By the way, the current and only RNSA for the securities lending data is the Financial Industry Regulatory Authority (FINRA), notes the SEC.
“Rule 10c-1a will require any “covered person” who agrees to a ‘covered securities loan’ to provide specified information to an RNSA. A covered person refers to (1) any person that agrees to a covered securities loan on behalf of the lender (intermediary) other than a clearing agency when providing only the functions of a central counterparty or a central securities depository, (2) any person that agrees to a covered securities loan as the lender when an intermediary is not used, or (3) the broker or dealer when borrowing fully paid or excess margin securities,” according to the SEC.
For further clarification, the SEC defines a covered securities loan as “a transaction in which one person — either on that person’s own behalf or on behalf of one or more other persons — lends a ‘reportable security’ to another person, with exclusions for (1) positions at a registered clearing agency that result from central counterparty services or central depository services, and (2) the use of margin securities by a broker or dealer unless such broker or dealer lends such securities to another person. A reportable security is a security for which information is already reported or required to be reported to existing reporting regimes.”
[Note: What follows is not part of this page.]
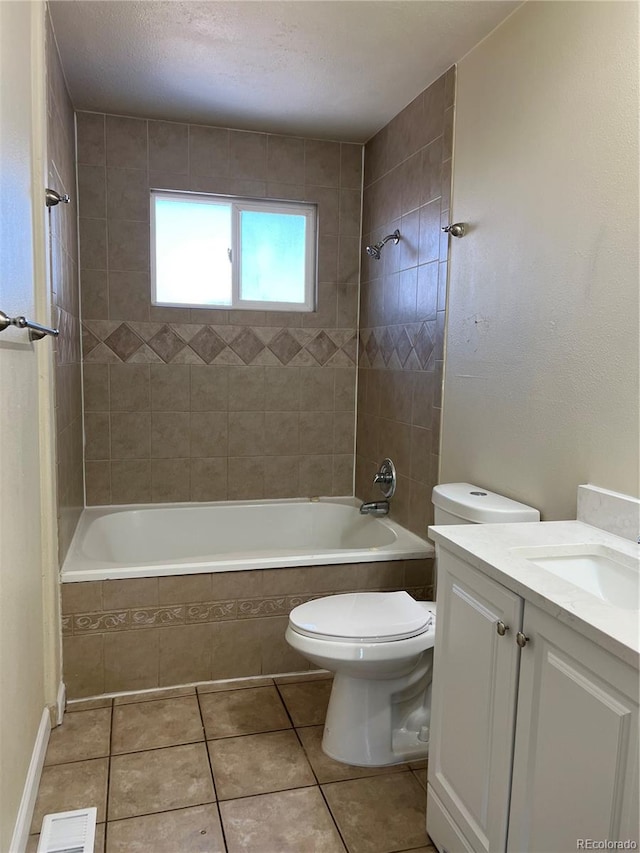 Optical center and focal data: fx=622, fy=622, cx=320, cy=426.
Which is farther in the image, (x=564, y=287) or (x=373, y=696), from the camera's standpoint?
(x=373, y=696)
The SEC’s Rule 10c-1a also requires covered persons to provide certain terms of the covered securities loans to an RNSA, which will make the information public, such as:
- The legal name of the issuer of the securities to be borrowed;
- The ticker symbol of those securities;
- Time and date of the covered securities loan;
- Name of the platform or venue, if one is used;
- Amount of reportable securities loaned;
- Rates, fees, charges, and rebates for the loan;
- Type of collateral provided for the covered securities loan and the percentage of the collateral to the value of the reportable securities loaned;
- The termination date of the covered securities loan; and
- Borrower types such as broker, dealer, bank, customer, bank, clearing agency, and custodian.
Firms will have to provide other loan terms to the RNSA but this information will not be made public:
- The legal names of the parties to the loan;
- When the lender is a broker-dealer, whether the security loaned to its customer is loaned from the broker-dealer’s inventory; and
- Whether the loan will be used to close out a fail to deliver pursuant to Rule 204 of Regulation SHO or whether the loan is being used to close out a fail to deliver outside of Regulation SHO.
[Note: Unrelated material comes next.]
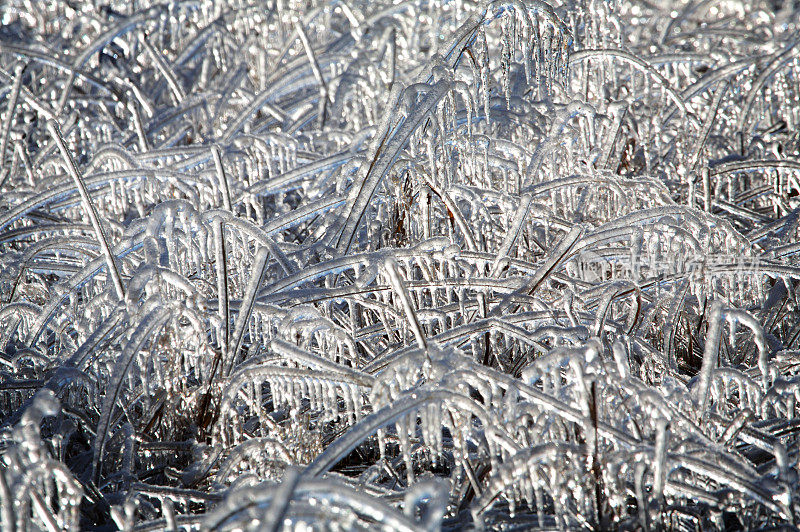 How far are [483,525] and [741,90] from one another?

There is another crucial step: “to track the securities lending transaction, Rule 10c-1a will require an RNSA to assign each loan a unique identifier,” the SEC says.
Overall, Rule 10c-1a wants a covered person to give information to an RNSA “by the end of the day that the loan is effected or modified and that an RNSA makes certain information public not later than the morning of the next business day,” the SEC stipulates. “However, the publication of the amount of an individual loan will be published on a delayed basis. An RNSA will publish information pertaining to aggregate transaction activity and distribution of loan rates for each security.”
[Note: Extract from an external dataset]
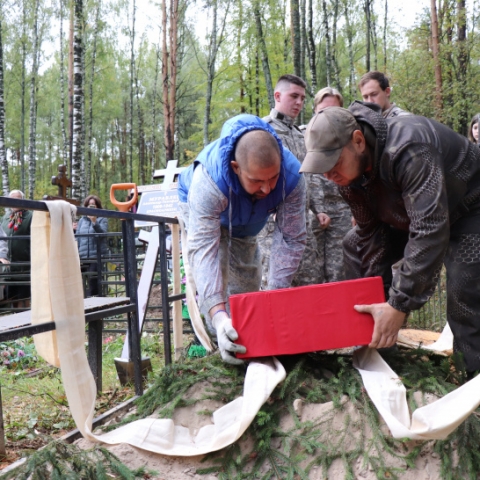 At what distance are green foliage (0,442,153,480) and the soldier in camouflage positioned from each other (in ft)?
8.85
In his prepared statement, SEC Chair Gary Gensler referred to some of the history behind the new push for transparency.
“Securities lending played a role in the 2008 financial crisis, and, currently, the securities lending market is opaque,” Gensler says. The Dodd-Frank Act mandated more transparency for the securities lending market, and the new transparency is intended to spur more competition and fair, orderly, and efficient markets, he adds.
The new transparency combined with the complications that come with the trading day plus one day (T+1) shorter settlement is also likely to mean that there will be lots more to come in this space, and we will be happy to cover it.